And then you have to listen to the song. What song?

In your life you slept yesterday you woke up today, and during your life you tell yourself fun stories, or you choose the other option consciously, to tell yourself not fun stories.

Every story has an end and from the end of every story one learns something. The unpredictability of life one learns best at the end of funny stories, or else it wouldn’t really be that funny for life to be that unpredictable, is what the story seems to me to be.

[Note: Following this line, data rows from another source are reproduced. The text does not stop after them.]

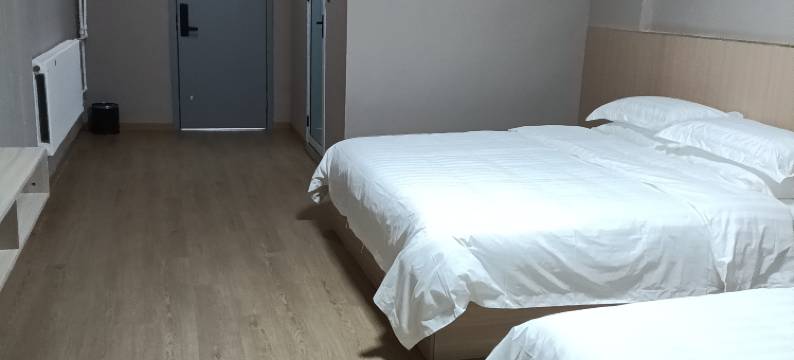 海阳家如宾馆图片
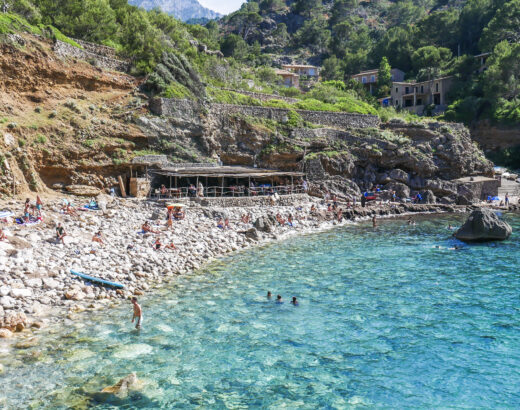 cala deia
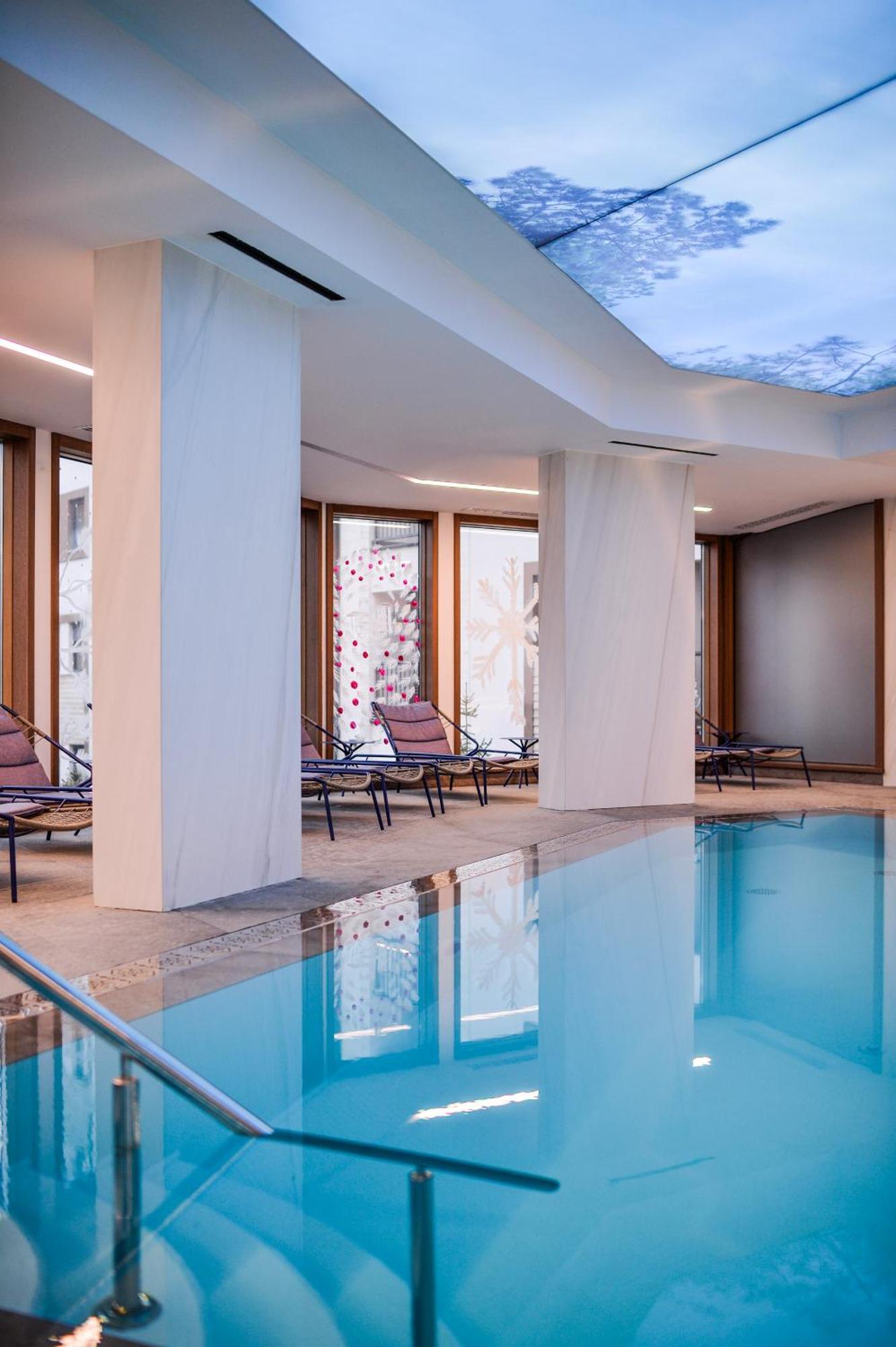 זלאטיבור Vila Borova Wellness&Spa Resort מראה חיצוני תמונה
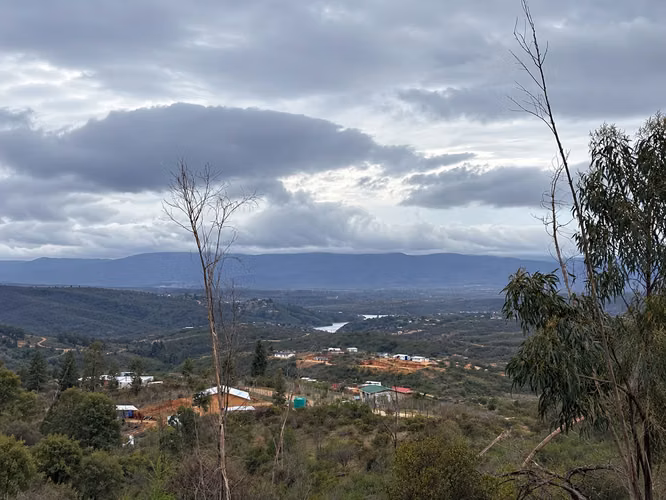 Terreno 5.000 m2 en venta, Comunidad Valle Verde Mar, Limache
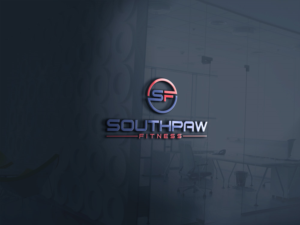 Logo-Design von A S design @ für Southpaw Fitness | Design: #15286861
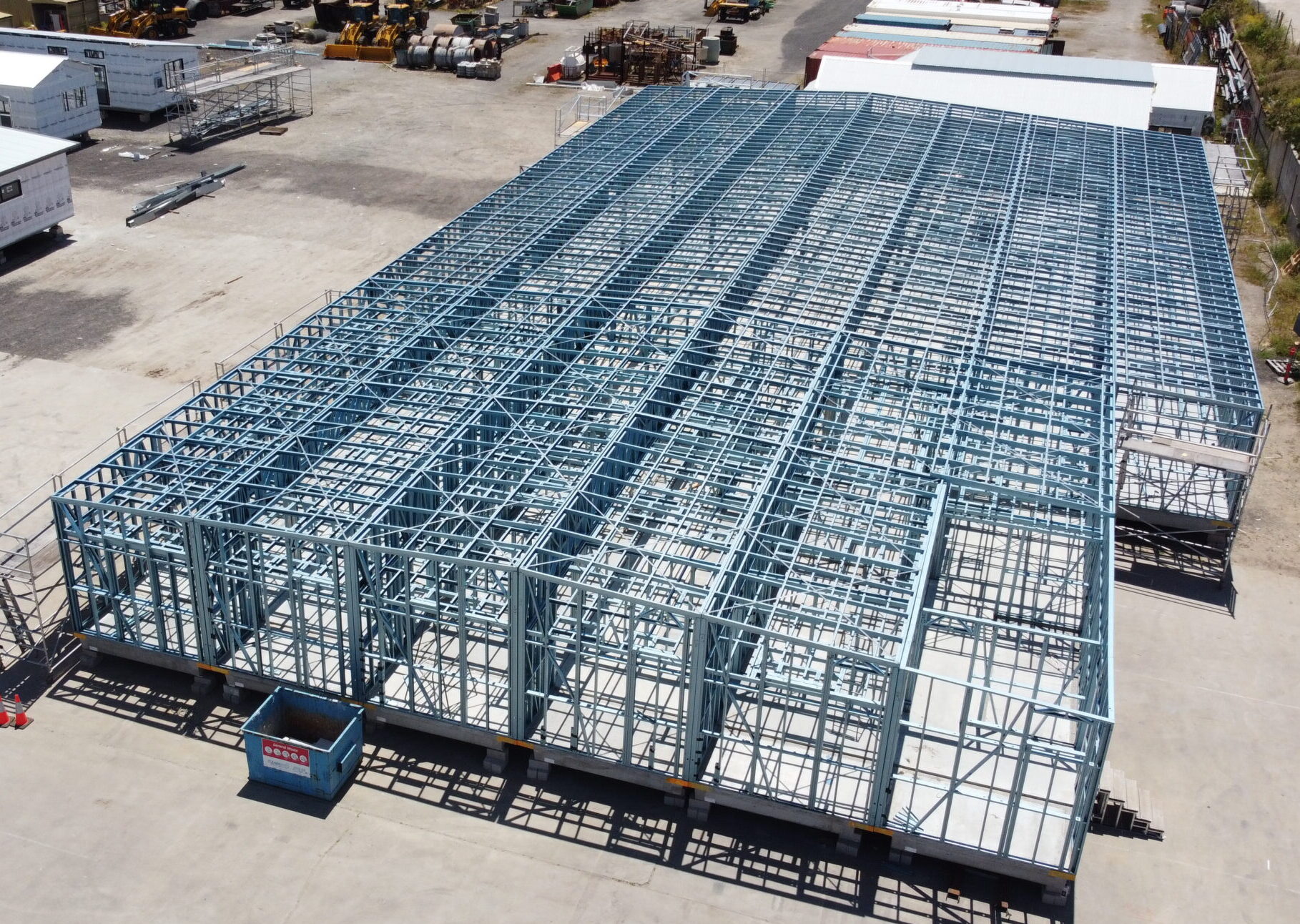Steel Frames and Trussers Suppliers in Perth WA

https://youtu.be/hNFYMORvM_o
 
About the only part of this that I can make any sense of is the section on experimental results, in which you repeat the misconception that you've articulated before: that there are three possible outcomes to an experiment - no results, expected results, unexpected results. This is a fundamental misunderstanding. An experiment can either yield results that agree with theoretical predictions, or results that do not. What you term "nothing [...] happen[ing] as a result" is itself a result. If a specific result is expected by a theory from an experiment, and no such result is obtained, then the experiment yields a result that disagrees with theory.

Since what you claim as your central axiom is clearly a worthless one, I see no benefit in attempting to decipher the remainder of your largely incomprehensible post.

Dave
 
Dude dude dude...I'm having a Christmas party and need a stoner guru type to round out the guest list. How's your schedule looking? We have beer and paintball guns.
 
About the only part of this that I can make any sense of is the section on experimental results, in which you repeat the misconception that you've articulated before: that there are three possible outcomes to an experiment - no results, expected results, unexpected results. This is a fundamental misunderstanding. An experiment can either yield results that agree with theoretical predictions, or results that do not.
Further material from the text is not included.